Neil Maskell makes a cameo as the voice of the announcer, and Nick Gillespie appears as the businessman.

== Production ==
Writer-director Nick Gillespie had collaborated with executive producer Ben Wheatley on several films previously, including Kill List. Smiley had also appeared in that film. Besides Wheatley, Gillespie cited Clive Barker as an influence. Although the film was not meant to be deeply political, Gillespie used imagery reminiscent of the Abu Ghraib Prison Scandal to subvert viewer expectations about the prisoners.

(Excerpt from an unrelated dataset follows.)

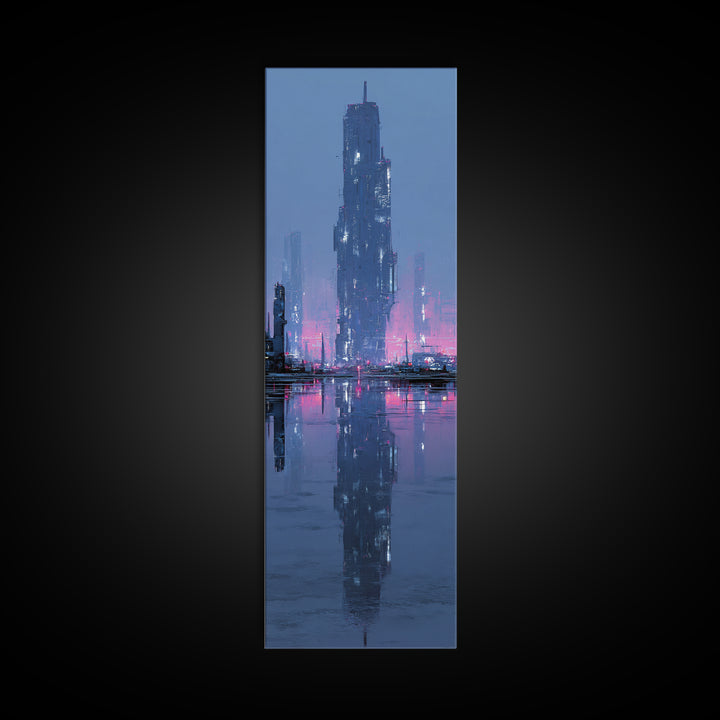 Floating Glass Architecture Above Reflective Water Canvas Print, Futuristic Art, Modern Decor, Living Room Decor, Future, FUT-1x3-15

When they are revealed to be young women, Gillespie said it is meant to signify that "something's not quite right there". Of the film's plot, Gillespie said it was designed to allow viewers to come to their own conclusions, as he found it more interesting to offer clues than direct answers.

== Release ==
Tank 432 premiered at the Fantasia International Film Festival on 23 July 2016. It was released on DVD in the UK on 22 August, and IFC Films released it to video on demand in the US on 25 November 2016.

== Reception ==
Rotten Tomatoes, a review aggregator, reports that 13% of eight surveyed critics gave the film a positive review; the average rating is 4.5/10. Metacritic rated it 43/100 based on seven reviews. Frank Scheck of The Hollywood Reporter wrote that it "makes the familiar mistake of confusing obscurity with tension". Scheck further described it as "an occasionally intriguing but frustratingly oblique high-concept genre exercise that mainly induces tedium, not to mention claustrophobia". Writing in Film Journal International, Maitland McDonagh called it a "claustrophobic thriller with a disappointing payoff". Commenting on the plot, McDonagh said the film delivers many bizarre twists but "plays fair" in the climax. Ben Kenigsberg of The New York Times called it a "high concept tease" with an unsatisfying conclusion and plot possibly kept vague to hide its lack of originality.

At the Los Angeles Times, Noel Murray called the film "more tedious and confusing" than ambiguous. Murray concluded, "A few memorable shots don't offer enough justification to watch a film that's not scary, rarely exciting and never as engrossing a puzzle as it means to be." Chuck Wilson of The Village Voice compared the plot negatively to The Outer Limits, calling the film a "busy but tedious thriller". In rating it 3/5 stars, Drew Tinnin of Dread Central praised the cinematography and acting but said answers to the film's plot come too late and are not satisfying. In recommending it for fans of atmospheric films, Patrick Cooper of Bloody Disgusting wrote, "This bad boy is all mood and atmosphere – at times feeling like an exercise in tension and dread more than a narrative."